Now look, I’m not made of girl parts, thank goodness, so I didn’t sob or faint or suddenly start to outperform boys in the sciences or anything crass like that. No. I did need to sit down for an hour, though, before heading on my way. I imagine I probably looked highly distinguished and wordly, you know, sitting there.
Internally, however, I was falling to my knees and embarking on a crawlingly grateful voyage round Portugal, licking walls, pavements, legs, trees, the very air and more. I was meticulously licking my way up the wild Atlantic coast and then down the jiggy border with Spain – being v. careful, obviously, not to stray into Spanish territory as I did so (yuck). Then I turned west at Villa Real and started licking my way towards Lagos. And don’t get me started on Lisbon.
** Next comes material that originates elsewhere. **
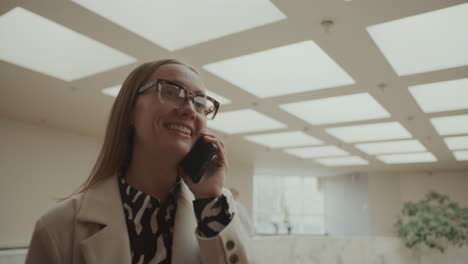 businesswoman having conversation on mobile phone in office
Where was I? Yes. I opted to slum in a (pleasingly) grubby tourist resort. Within a tantalising reach once more, however, I’m dreaming of Monchique in the mountains; Loule with its throbbingly fishtastic food market; the fortification at Silves where, if you feel like singing, it’s possible to revel in a near perfect accoustic sound in the defunct and ancient cistern; Lagos; Portimao; Ferragudo and Fuseta......too much goodness. Little wonder, really, that I’ve already missed my flight home. Two days? What was I thinking? But God, how I miss my dog. At least she's safe with my girlfriend, I suppose.
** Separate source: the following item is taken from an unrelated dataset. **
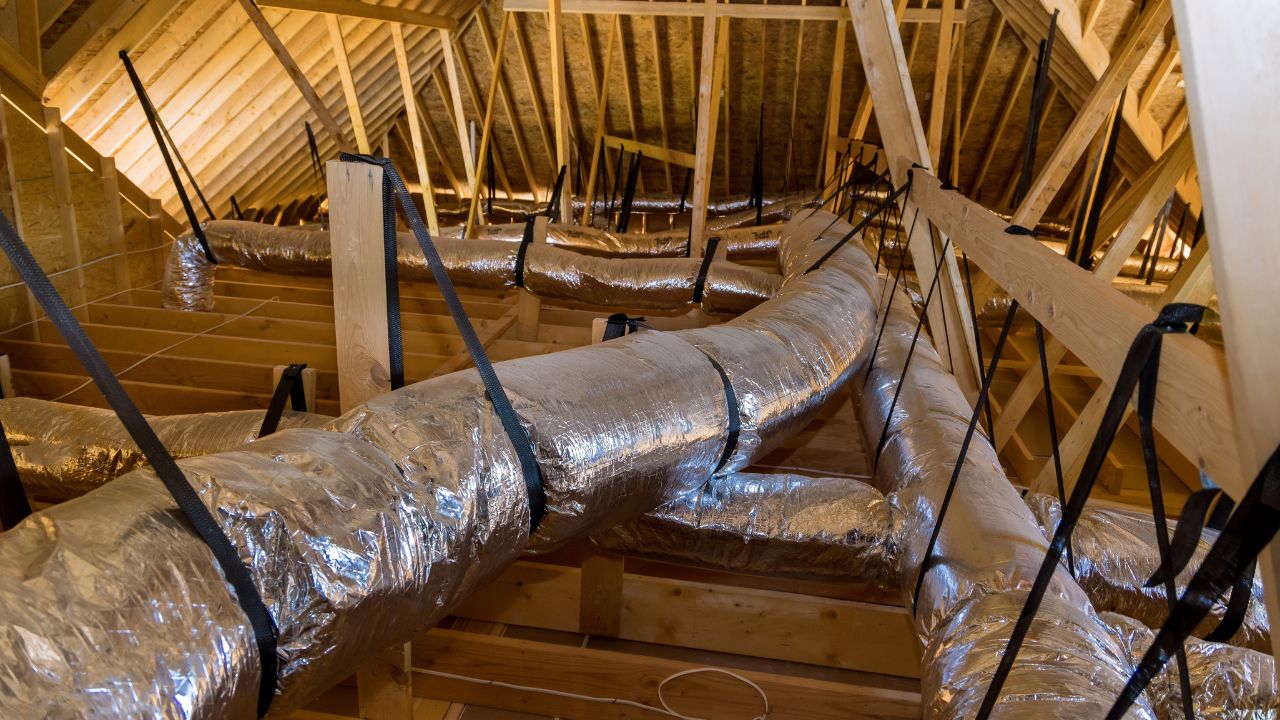 Attic ductwork in an Aurora home — a common source of rattling and popping noises carried through vents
Anyway, at this time of year, the resort is only really hirple-swarming with British and Dutch pensioners, so the rhythm is fairly glacial, thank goodness. If you stop and listen, however, the rowdy echo of a charmless hedonism palpably fills the air. Sullenly empty bars wait for the returning hordes of a uniformly drab and unexceptional youth to hit their violent peaks of witless vulgarity in the middle of a scorching July. At a guess.
None of this matters, of course, because me and the pensioners are tight. I’m not saying they don’t occasionally smell of cat and pee, I’m just saying that if I have to endure talking with anyone, then I’d far prefer them to be in the mid-seventies to death bracket.